▶ [ABOUT THIS EXERCISE]
From the line containing "Button Down Midi Dress Pink" to the last line of the listing, both included, copy every line exactly and drop the pictures.

INPUT DATA section start

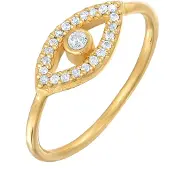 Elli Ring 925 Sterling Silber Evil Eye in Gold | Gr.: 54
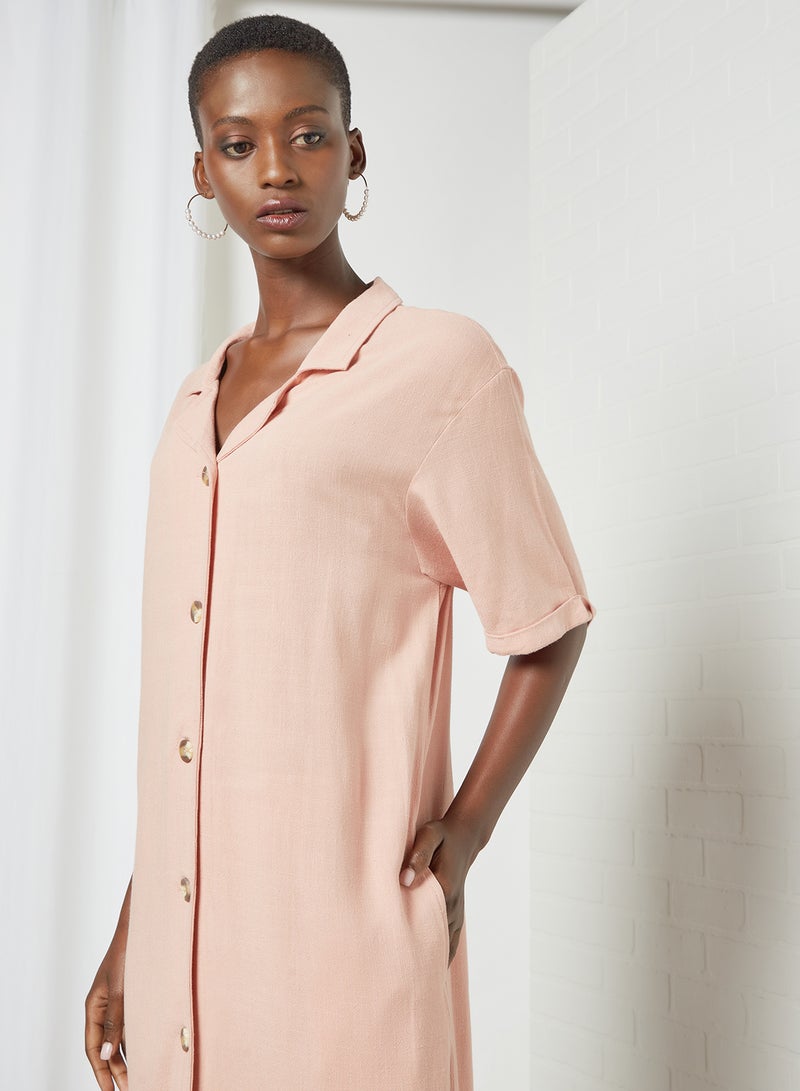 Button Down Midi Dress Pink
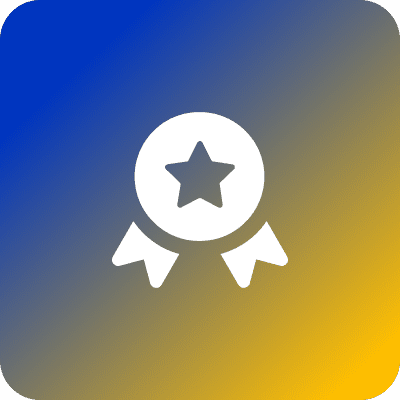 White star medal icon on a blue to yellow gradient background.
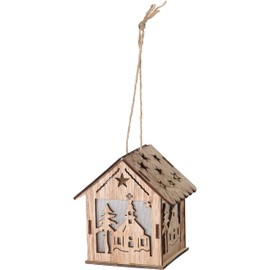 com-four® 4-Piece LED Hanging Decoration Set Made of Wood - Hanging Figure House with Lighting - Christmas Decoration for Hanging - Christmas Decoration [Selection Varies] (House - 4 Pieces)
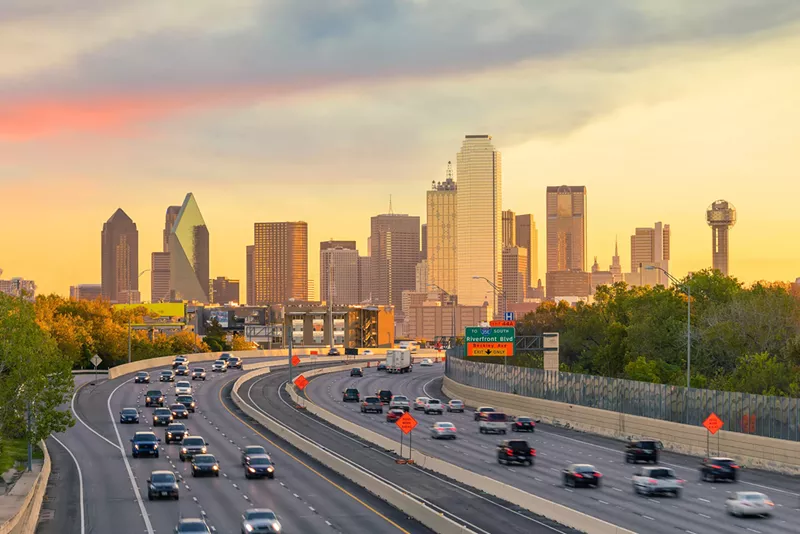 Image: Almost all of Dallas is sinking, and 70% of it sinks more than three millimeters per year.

INPUT DATA section end

▶ [FINAL ANSWER]
 Button Down Midi Dress Pink
 White star medal icon on a blue to yellow gradient background.
 com-four® 4-Piece LED Hanging Decoration Set Made of Wood - Hanging Figure House with Lighting - Christmas Decoration for Hanging - Christmas Decoration [Selection Varies] (House - 4 Pieces)
 Image: Almost all of Dallas is sinking, and 70% of it sinks more than three millimeters per year.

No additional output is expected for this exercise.